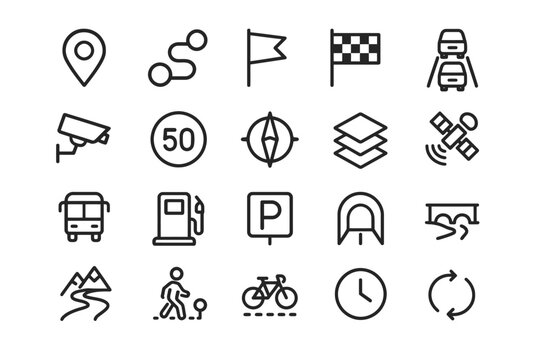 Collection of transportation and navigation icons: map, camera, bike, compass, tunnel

==

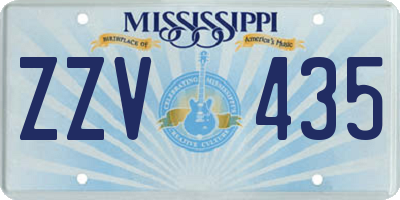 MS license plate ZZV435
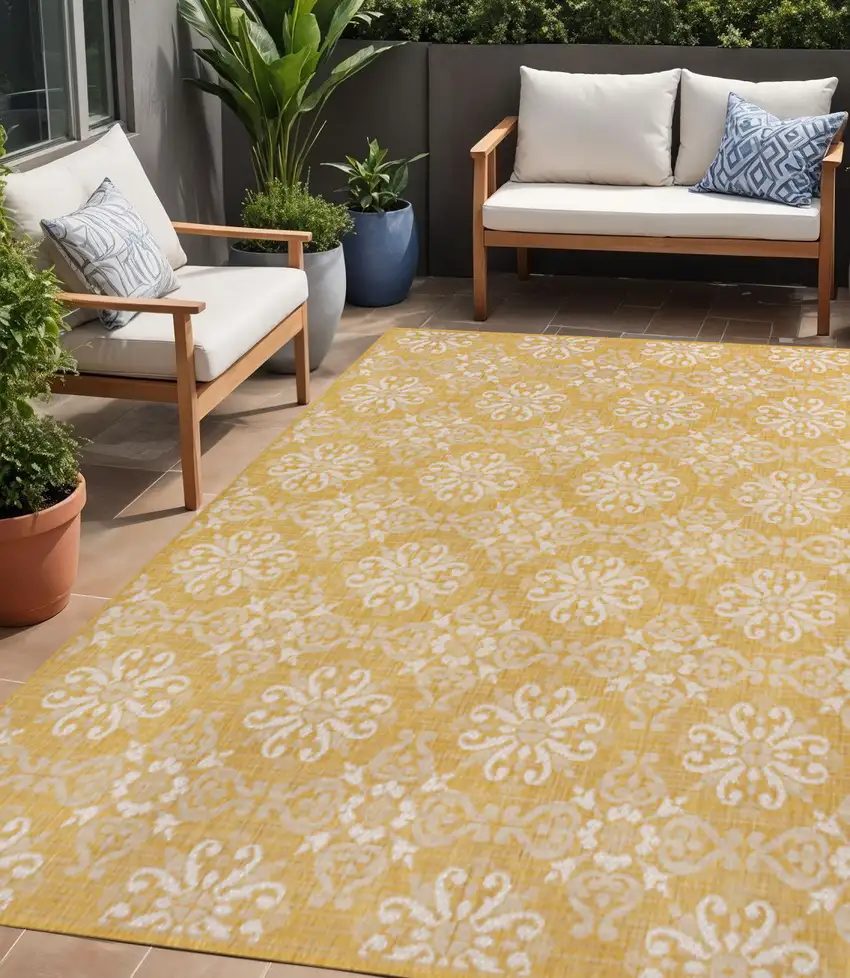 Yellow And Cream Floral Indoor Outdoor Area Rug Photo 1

*Exercise brief:* Using the material above, reproduce only the lines that run from the line with "MS license plate ZZV435" up to and including the line with "Yellow And Cream", exactly, with the pictures dropped.

*Exercise solution:*
 MS license plate ZZV435
 Yellow And Cream Floral Indoor Outdoor Area Rug Photo 1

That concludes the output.